= AIM OF THE TASK =
Write out every record exactly as it appears. Skip the pictures.

Crawled caption data:
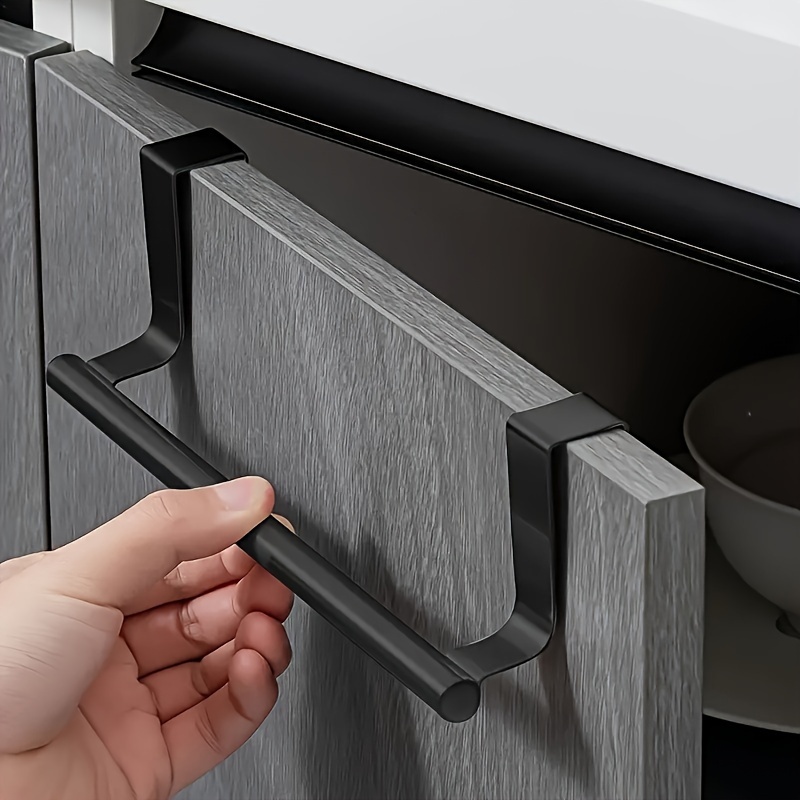 Modern Stainless Steel Kitchen - огляд і ціна Kitchen Gadgets In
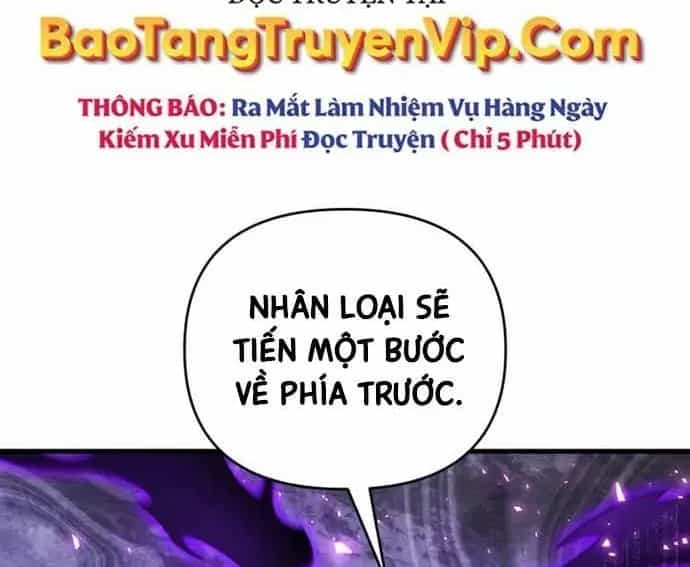 Người Chơi Trở Lại Sau 10000 Năm - Chương 131 - ảnh 256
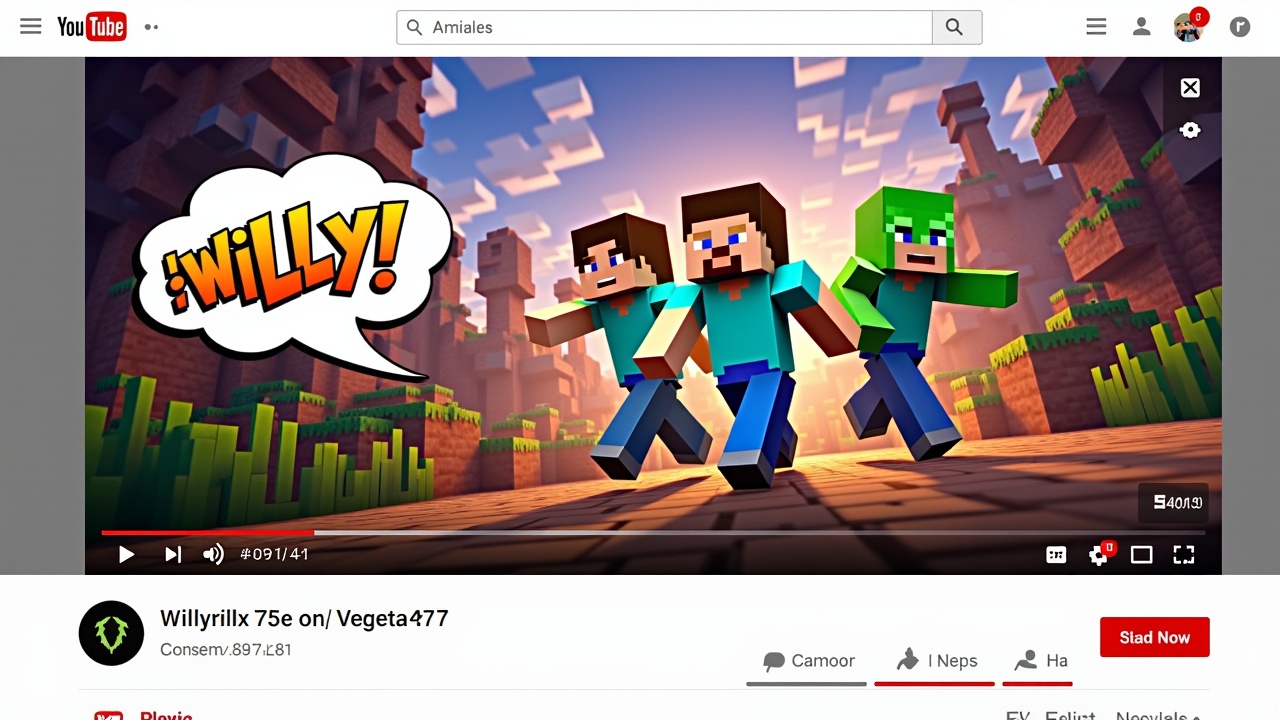 willi-rex-y-vegeta777-en-minecraft-que-2n6cuu3zea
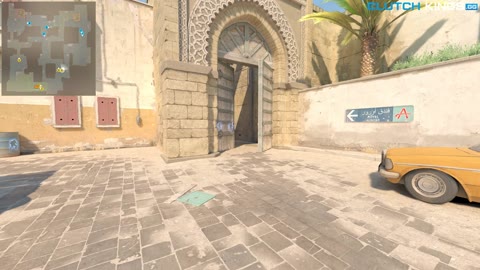 Clip #151822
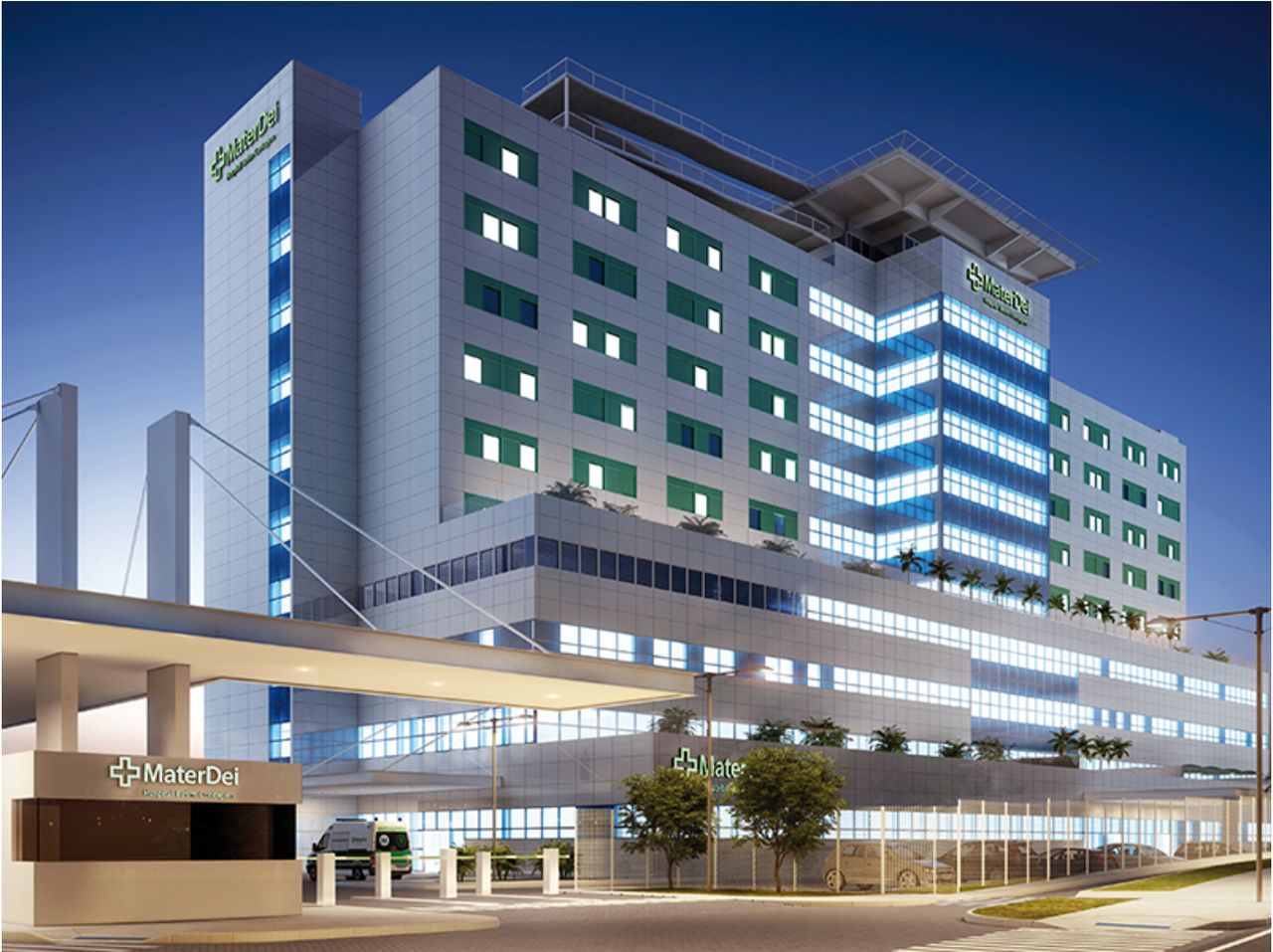 Felipe Mendes Ferreira-5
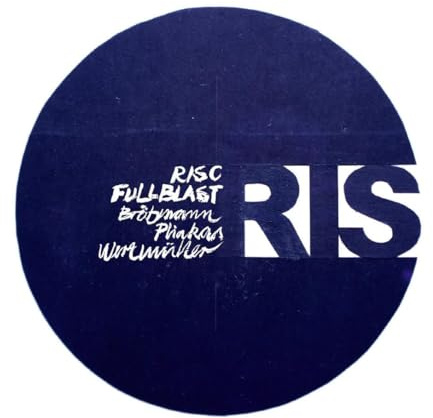 TROST RECORDS TRC 148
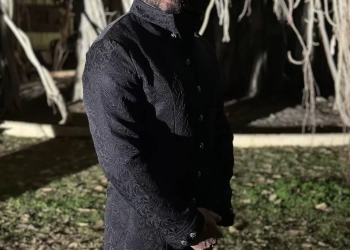 تامر شلتوت يؤكد أن خضر القادر على إعادة المداح بالحلقة الخامسة عشر من "المداح" 19 - جريدة المساء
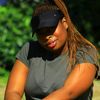 shirley.saidi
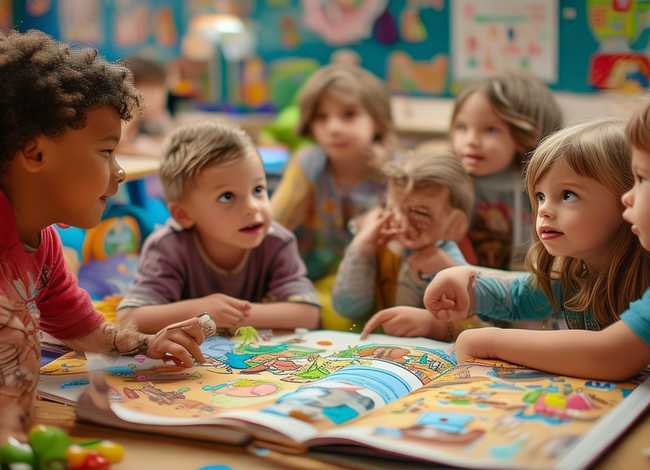 二年级的儿童故事书有哪些;小学二年级的故事书有哪些 二年级的儿童故事书有哪些;小学二年级的故事书有哪些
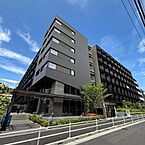 東京都新宿区百人町3丁目26-1：物件画像／恵比寿不動産　株式会社ライフアドバンス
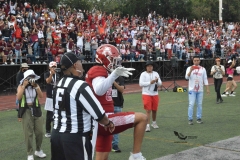 aguilas-blancas-borregos-cem-onefa-2023-37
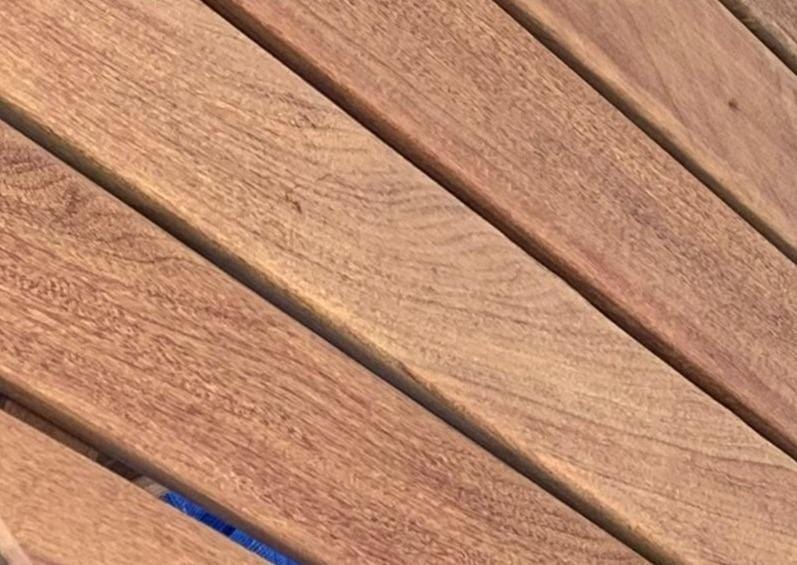 Wooden Wine & Glass/Cup Holders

= EXPECTED OUTPUT =
 Modern Stainless Steel Kitchen - огляд і ціна Kitchen Gadgets In
 Người Chơi Trở Lại Sau 10000 Năm - Chương 131 - ảnh 256
 willi-rex-y-vegeta777-en-minecraft-que-2n6cuu3zea
 Clip #151822
 Felipe Mendes Ferreira-5
 TROST RECORDS TRC 148
 تامر شلتوت يؤكد أن خضر القادر على إعادة المداح بالحلقة الخامسة عشر من "المداح" 19 - جريدة المساء
 shirley.saidi
 二年级的儿童故事书有哪些;小学二年级的故事书有哪些 二年级的儿童故事书有哪些;小学二年级的故事书有哪些
 東京都新宿区百人町3丁目26-1：物件画像／恵比寿不動産　株式会社ライフアドバンス
 aguilas-blancas-borregos-cem-onefa-2023-37
 Wooden Wine & Glass/Cup Holders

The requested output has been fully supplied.